[Data items]
--- START ---

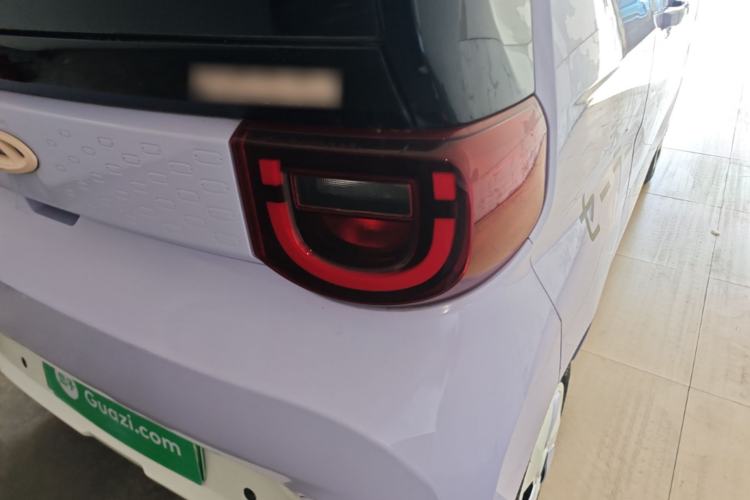 Used Chery QQ Ice Cream 2022 170km Sundae Phosphate Lithium-Ion Right Rear Taillight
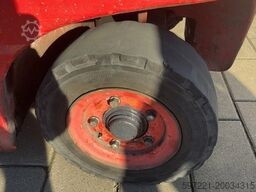 Linde H18D Triplex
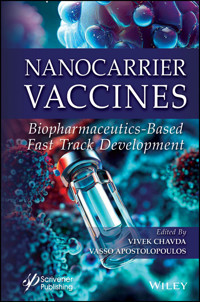 Nanocarrier Vaccines -  - E-Book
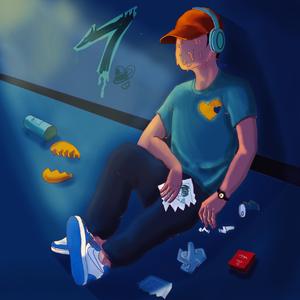 算了嘛（Prod by NeonMusic）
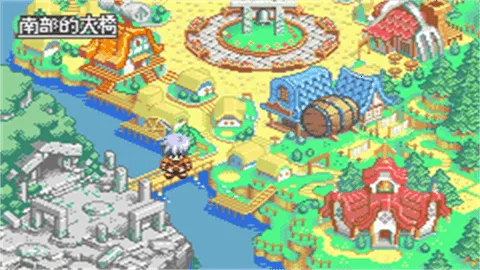 紫˵װԹ3(GBA)2025°汾v1.0 ֻͼ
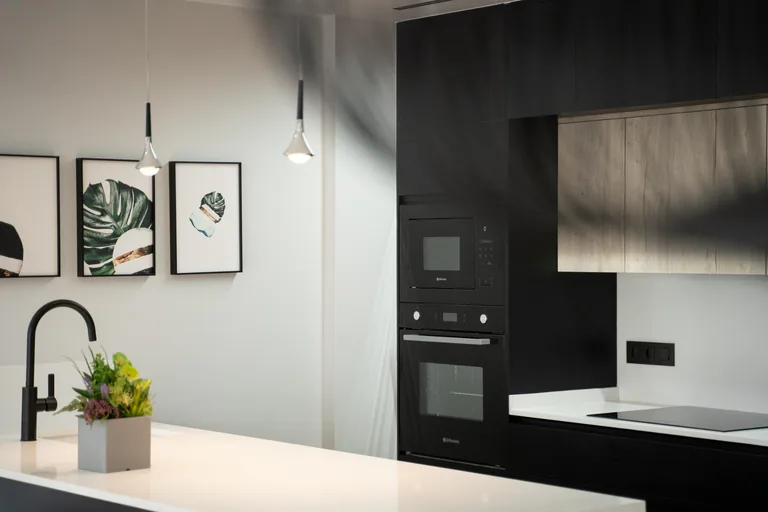 Residencial de Obra Nueva en Orihuela Costa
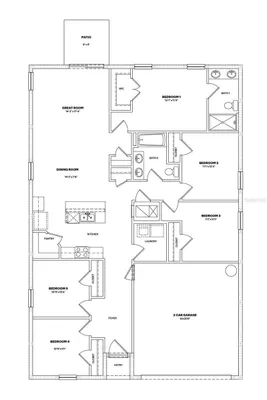 Property Slideshow image 2 of 7 | 15901 se 101st cir, Summerfield, FL, 34491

--- END ---

Exercise directions
Please print the records above word for word, leaving every image out.

Output for this exercise
 Used Chery QQ Ice Cream 2022 170km Sundae Phosphate Lithium-Ion Right Rear Taillight
 Linde H18D Triplex
 Nanocarrier Vaccines -  - E-Book
 算了嘛（Prod by NeonMusic）
 紫˵װԹ3(GBA)2025°汾v1.0 ֻͼ
 Residencial de Obra Nueva en Orihuela Costa
 Property Slideshow image 2 of 7 | 15901 se 101st cir, Summerfield, FL, 34491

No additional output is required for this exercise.